### [What the task requires]
Below is a block of entries, which should be copied verbatim apart from the pictures.

### [Data extract]

↓

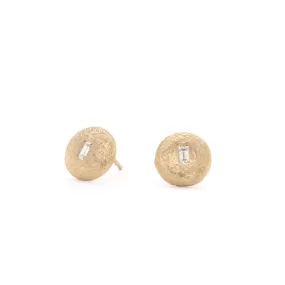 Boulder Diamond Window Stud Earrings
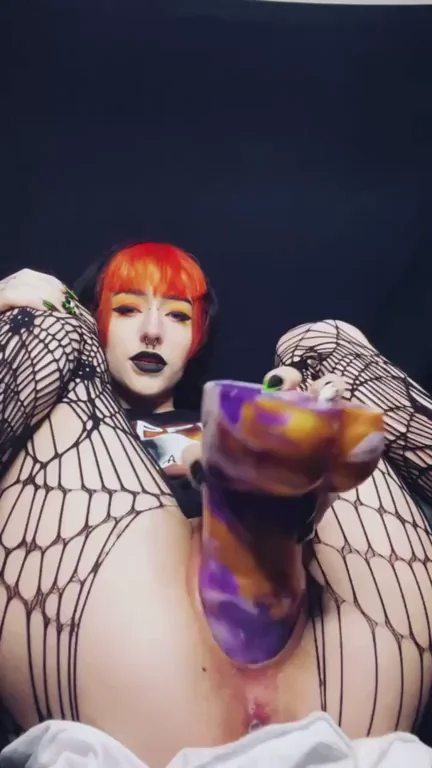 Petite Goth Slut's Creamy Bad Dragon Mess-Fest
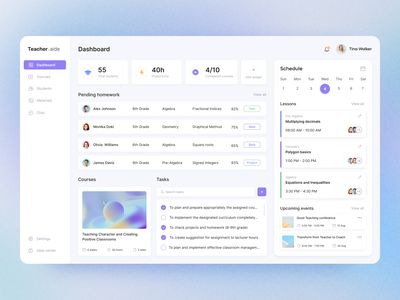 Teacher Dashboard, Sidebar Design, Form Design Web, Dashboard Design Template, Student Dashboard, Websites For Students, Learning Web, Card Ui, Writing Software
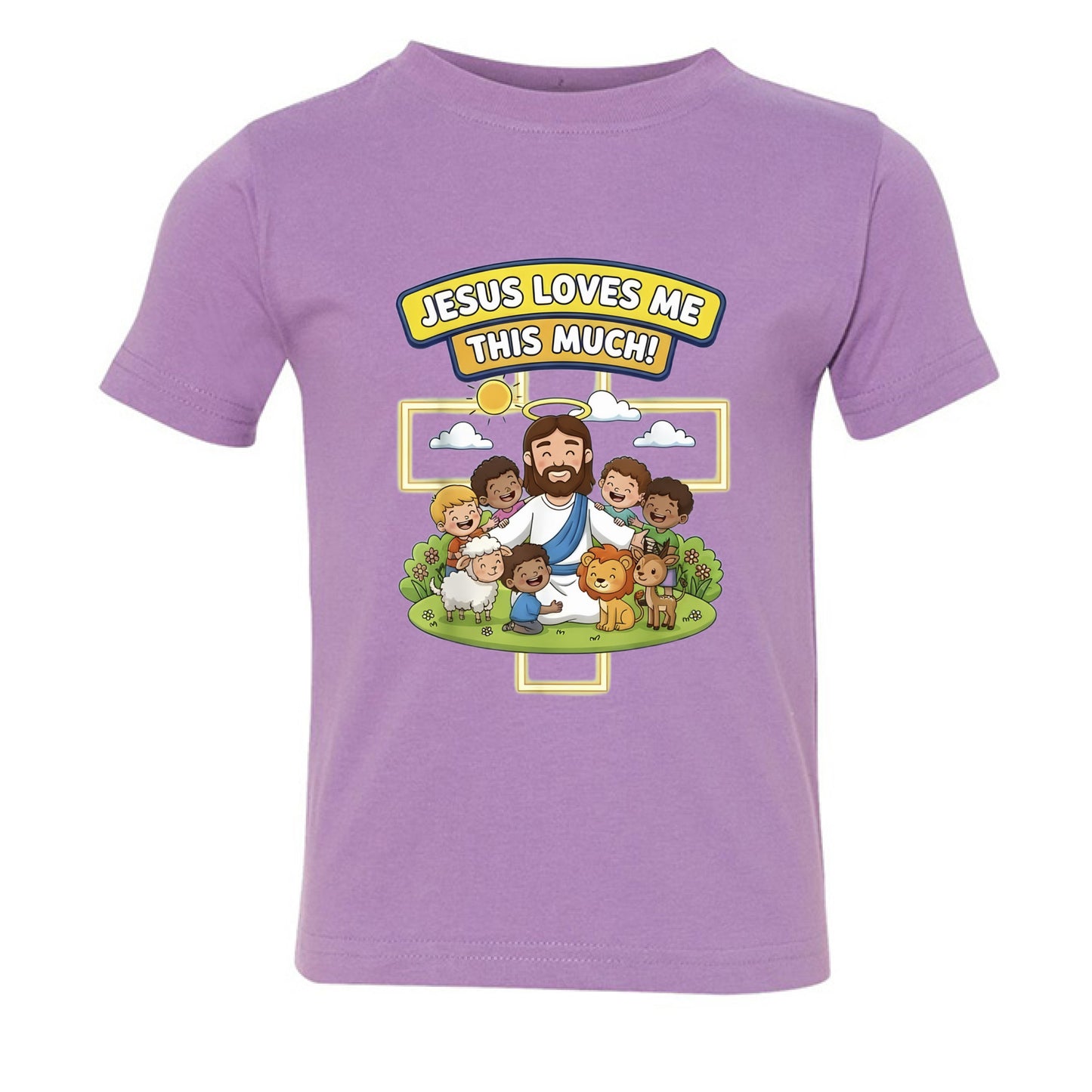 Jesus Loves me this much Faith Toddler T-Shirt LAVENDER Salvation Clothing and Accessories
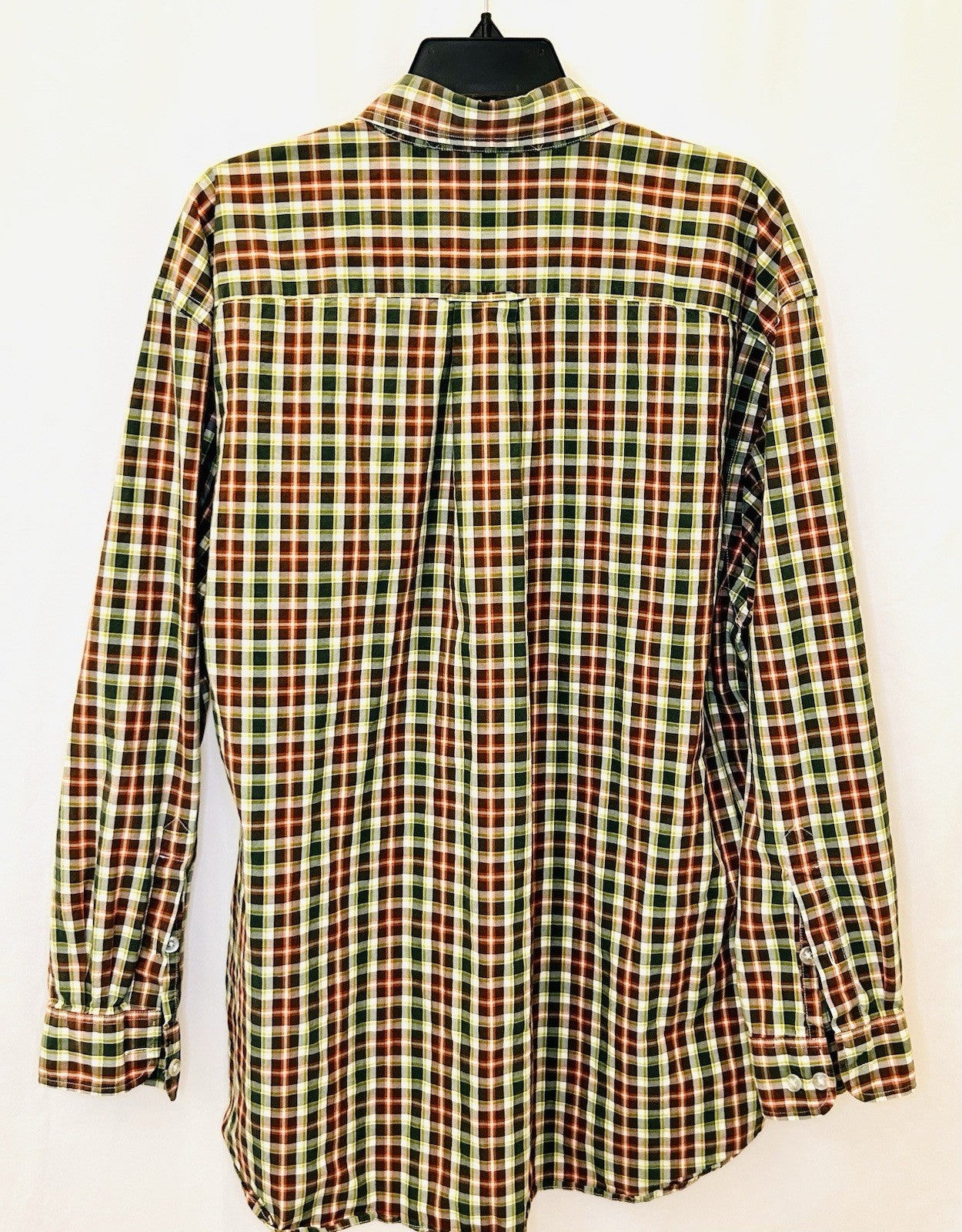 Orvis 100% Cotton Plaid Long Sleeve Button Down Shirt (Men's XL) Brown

↑

### [Answer]
 Boulder Diamond Window Stud Earrings
 Petite Goth Slut's Creamy Bad Dragon Mess-Fest
 Teacher Dashboard, Sidebar Design, Form Design Web, Dashboard Design Template, Student Dashboard, Websites For Students, Learning Web, Card Ui, Writing Software
 Jesus Loves me this much Faith Toddler T-Shirt LAVENDER Salvation Clothing and Accessories
 Orvis 100% Cotton Plaid Long Sleeve Button Down Shirt (Men's XL) Brown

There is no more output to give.